Over the past week, we saw highly volatile movements within the single European currency. The market reached a high of 1.0197, but was later affected by a sharp correction that took the pair down towards the levels at around 0.9950. There, we saw repeated attempts by the bulls to break through the resistances at around 1.0000, but with no success. The attempts of the bears to breach the bottom below 0.9950 were also fruitless. This week, we expect streams of important events that could lead to even greater volatility. On Wednesday, we will await the decision of the U.S. Federal Reserve on its main interest rate and the follow-up market reaction to the expected increase by another 0.75%. Then, on Friday, we will follow the EU managers’ estimates on manufacturing and services. Today, however, there are no scheduled events that are expected to move the EUR/USD in any fundamental way. Whether the pressure will continue and whether the level at 0.9950 will be breached remains to be seen later this week. However, a possible negative reaction to the dollar should not be ruled out as well.

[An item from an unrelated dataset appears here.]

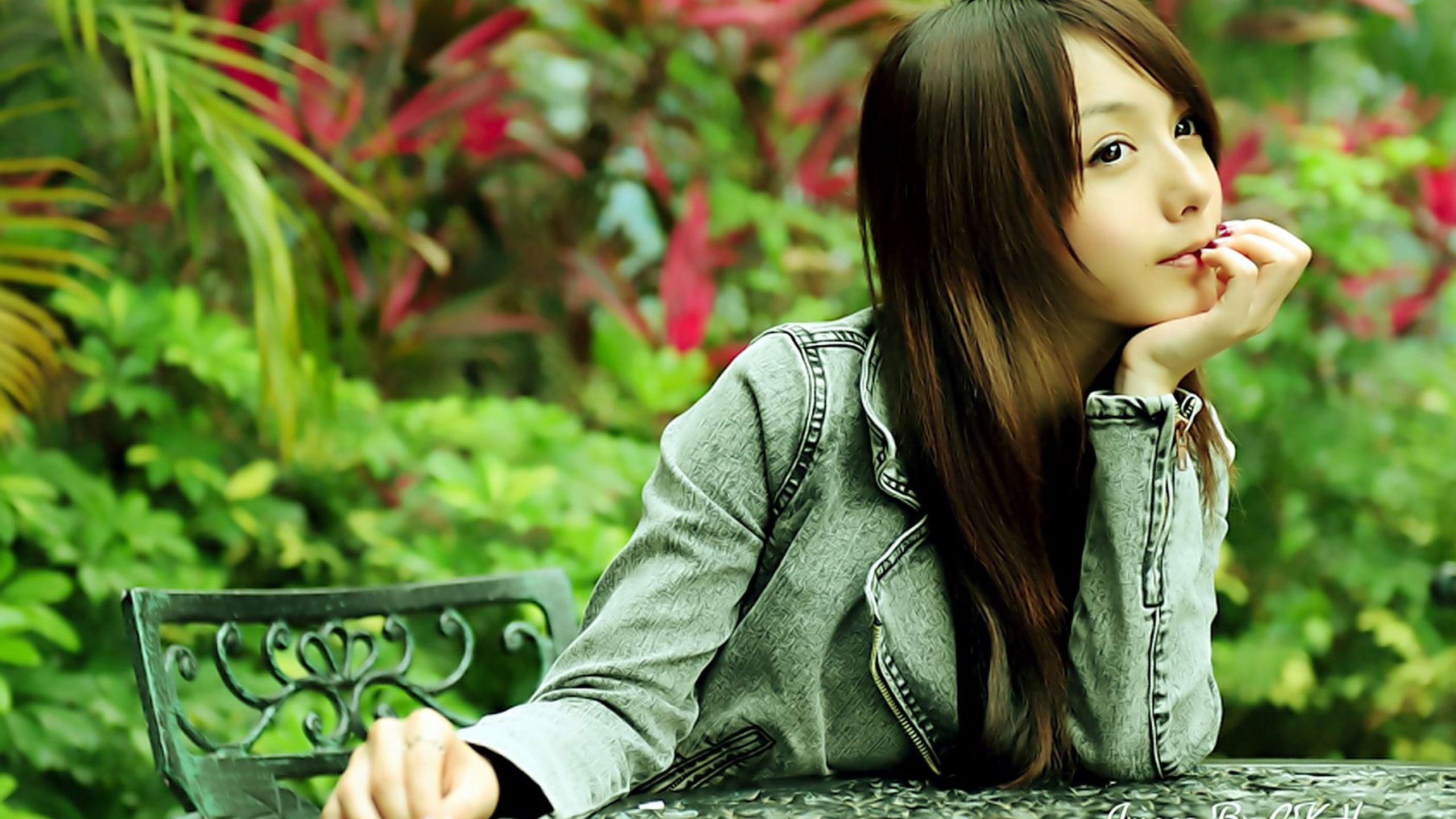 girl, lifestyles, japanese Ethnicity, hair, people, contemplation, 2K, chinese Ethnicity, smiling, cheerful, adult, grey, park - Man Made Space, green Color, HD Wallpaper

On Wednesday last week, the Ninja’s attempt to breach its previous high of 144.93 failed, and by the end of the week, the currency pair was locked in a narrow range between 143.60 and 142.60. The dollar is calling the shots so far, so the most important data in the coming days will be the Fed’s decision to raise the key interest rate in the U.S. by another 0.75% on Wednesday. Usually, the reaction is positive for the dollar and we will likely see an extension of the rally against the yen that has not stopped since the beginning of the year, but divergences in Fed expectations could shake the dollar and result in a deeper correction than the one we witnessed just a few trading sessions ago. Let’s also not forget the interest rate decision from Japan’s BoJ, which is expected this Thursday. No changes in the policy of the Japanese central bank are expected, but surprises here should not be ruled out still. Today is an official non-working day in Japan, so support for the currency is expected to be weak.
The Cable continued its downtrend from last week. After seeing a weekly high of 1.1736 on Tuesday, it looks like the bears have found good entry points as they took full control over the pair right until the end of the week. A few hours before the end of the last trading session for the week, we saw a new bottom at 1.1348. There, the pair stabilised and managed to end the session at about 80 pips higher than the local bottom. This week, on Thursday, the Bank of England will also announce its main interest rate decision, but not before the Fed’s decision on Wednesday. The BoE is expected to raise its rate by 0.50%. Rumours of both a larger and a smaller interest rate hike are both present, so the reaction to the data should be closely monitored. The downtrend is strong, but a potential interest rate hike could stabilise the currency pair and we could see sharp upward corrections.
Last week, the EUGERMANY40 got off to a decent start by reaching a high of 13567, but as with the other instruments mentioned in today’s analysis, the downward corrections did not wait. We saw a sharp decline and a consolidation at around 13000, but the key level did not hold and another bear attack followed, which found its bottom at 12690. The German index therefore failed to reach a new bottom and did not confirm its downtrend. Important to its direction this week will be the German managers’ assessment of manufacturing, which we will see on Friday at 07:30 GMT. We also see a high correlation with the U.S. indices which, in turn, are expected to be affected by the U.S. interest rate decision on Wednesday.
The blue-chip index also started last week with some recent gains and reached the key level of 32500. However, what followed was one of the most aggressive bear attacks in the last quarter. The declines in some shares were so big that trading on the exchange was halted for a couple of minutes. .A consolidation followed, which lasted for almost three days. However, this was followed up by yet another bear attack that resulted in a new low of 30542. The downward pressure is high due to expectations this week that the Fed will raise its main rate on Wednesday at 12:30 GMT) by another 0.75 basis points, or up to 3.25%. Much of this decision is already baked into the market, but if we see a surprising decision from the Fed, then the market’s reaction could also be unexpected. While the probability of the trend to continue its decline is high, aggressive and tempting upward corrections should not be ruled out as well.